このメコン川の豊かさと共生出来る人たちは、ベトナムでもほんの一部なんだろう。
戦争中は昼間防空壕、夜中に米作りしてたとか。灌漑やら道作りなどかなり頑張ってやったみたいだ。
戦争の頃を覚えていない・知らない世代に変わりつつある今。
あのこれからに期待する雰囲気。
近所で田んぼしてる年配のじいちゃんたちにはあまりない。若いもんは街で仕事。たまに機械を動かすくらい。
観ながら70過ぎの母は、あんな暮らしはいやだと言っていた。
わたし、ちょっと好きだけどな。いやいや、かなり憧れる。

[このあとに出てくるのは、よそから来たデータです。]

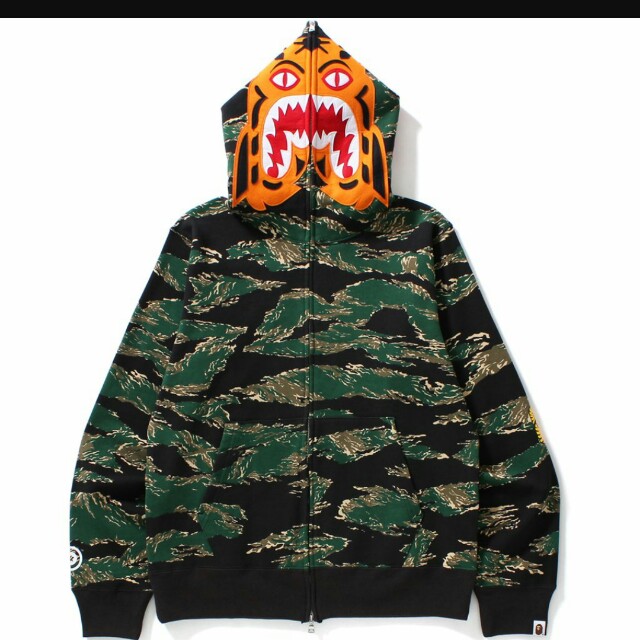tiger camo hoodie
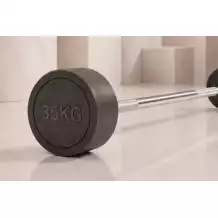 Штанга неразборная обрезиненная 35 кг. Прямой гриф. VictoryFit VF-DX4350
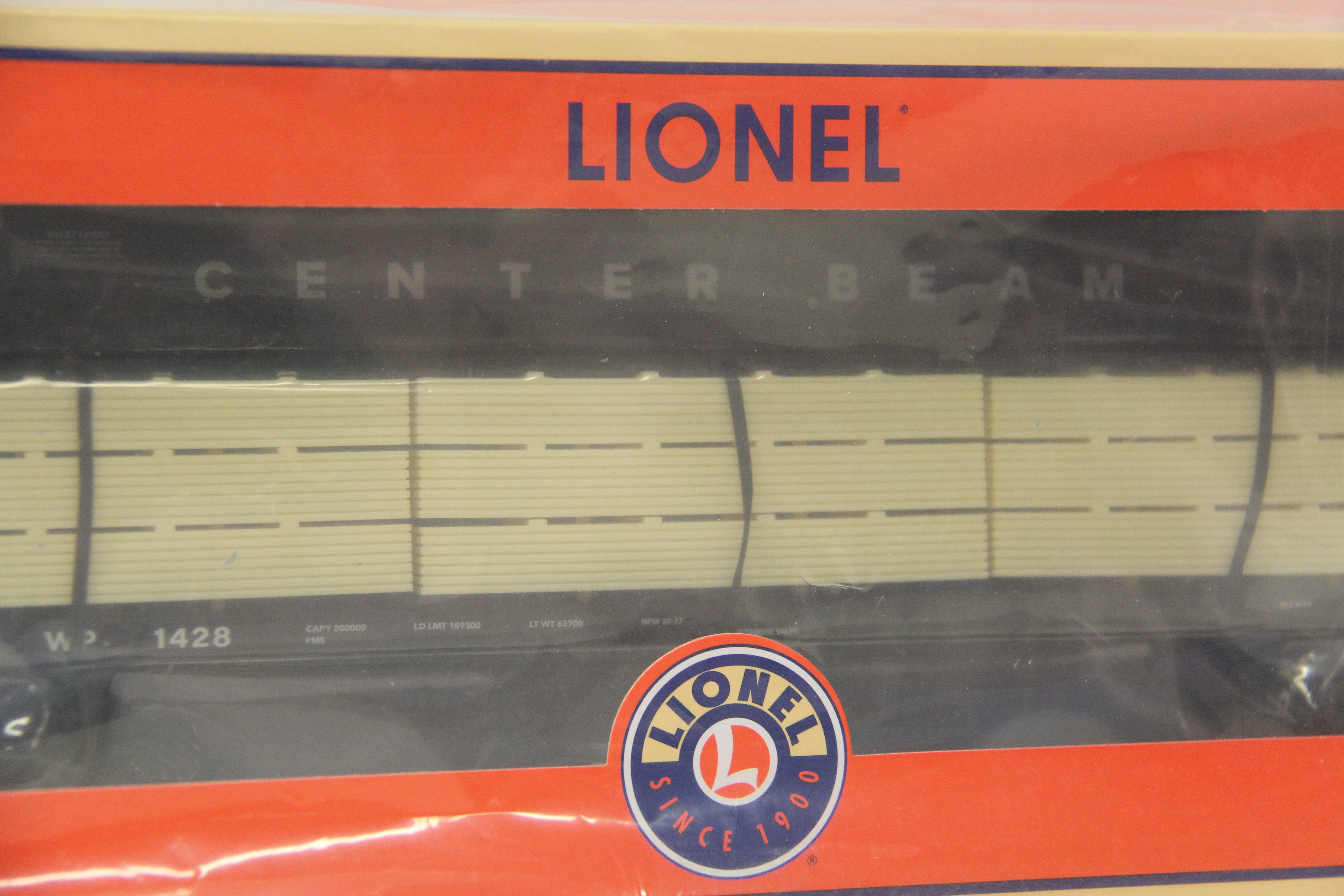 Lionel 2043084 Western Pacific Standard O Centerbeam Flatcar #1428-Second hand-M5823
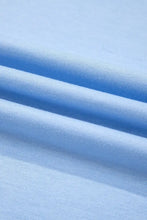 Light Blue Womens T Shirt with Colorful Stripes Woman T Shirts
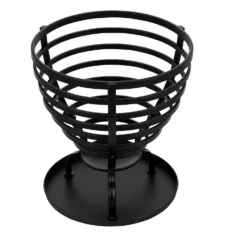 None Texas Black Painted Steel Stripe Fire Basket 7 None Texas Black Painted Steel Stripe Fire Basket -NON Outdoor Shop 12884644 6584846439003277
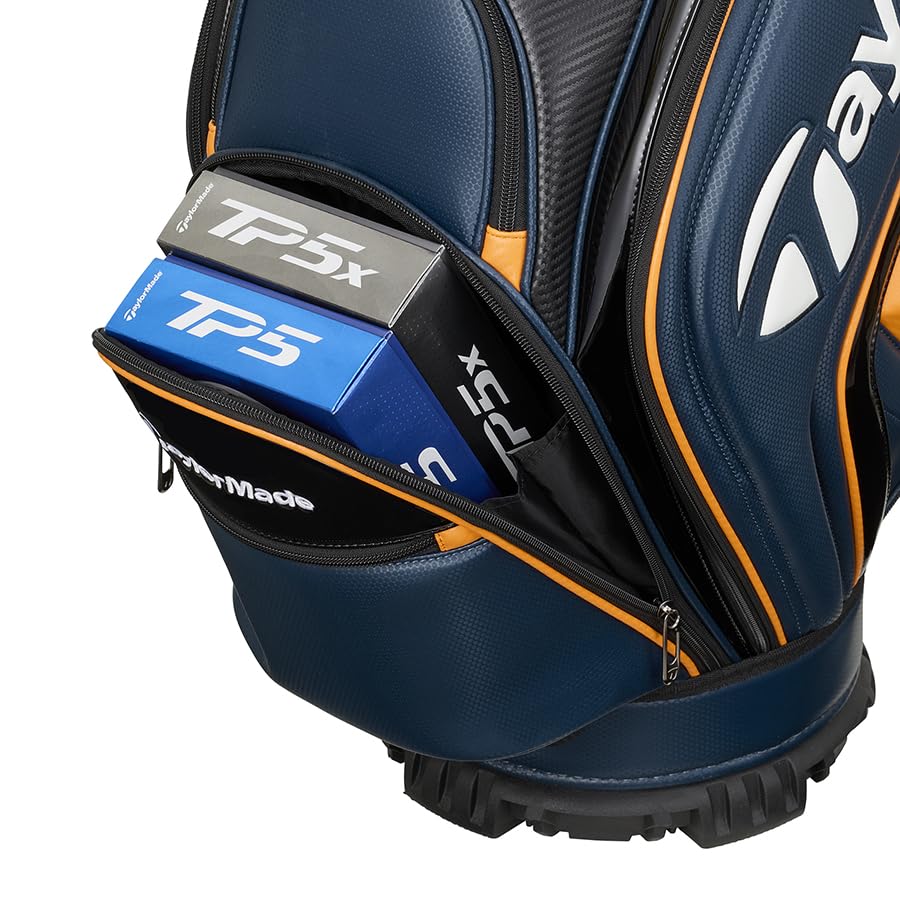 Taylormade Golf OTC Caddy Bag Black/Deep Blue/Orange for Men UN725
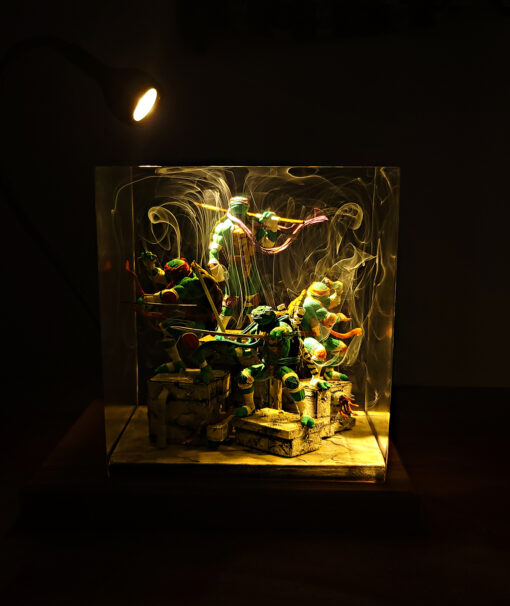 Teenage Mutant Ninja Turtles Resin Night Lamp - Image 3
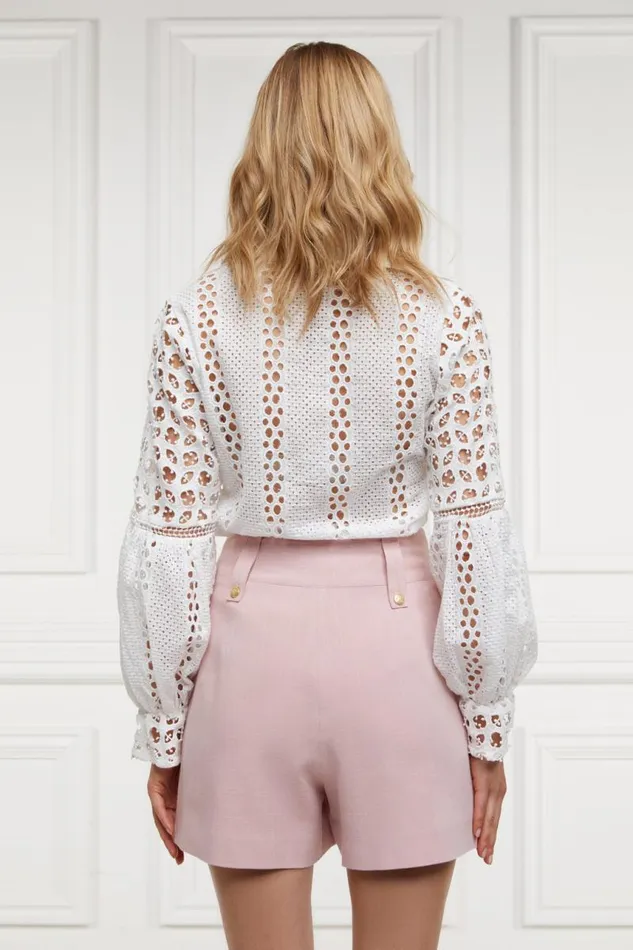 Women In Stock Tailoring Holland Cooper Tailored Short Pink Linen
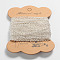 Iron Cable Chains, Textured, Unwelded, Oval, Silver Color Plated, Size: Chains: about 3mm long, 2mm wide, 0.5mm thick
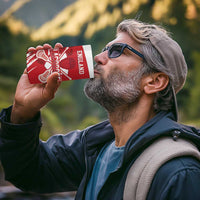 Custom England Lacrosse 4 in 1 Can Cooler Tumbler Go Champions Rose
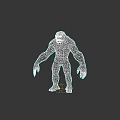 3D Render of Muscular Humanoid Monster Creature with Rough Skin and Oversized Arms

無理そうだからなおのこと。
自分の足元をどうするか、再び考えさせられた。

写真は、もう何十年未使用の籾殻を飛ばす機械。
ベトナムでは、大きなタライに入れた種籾を、おばあちゃんが頭まで挙げ、風を利用して選り分けていた。
大変だろうなとも思うが、それが出来る身体にしてきたんだろう。
なんだか、そのおばあちゃんの姿に、軽やかさと逞しさのほか、わたしが還りたくても還れない健やかさも感じた。
家族で囲むタイ米のご飯、美味しそうだった。
家族と一緒に自分のしたことが、血肉になる感じ、イイなぁ。
そういうの好きだ。
今、観てよかったよ。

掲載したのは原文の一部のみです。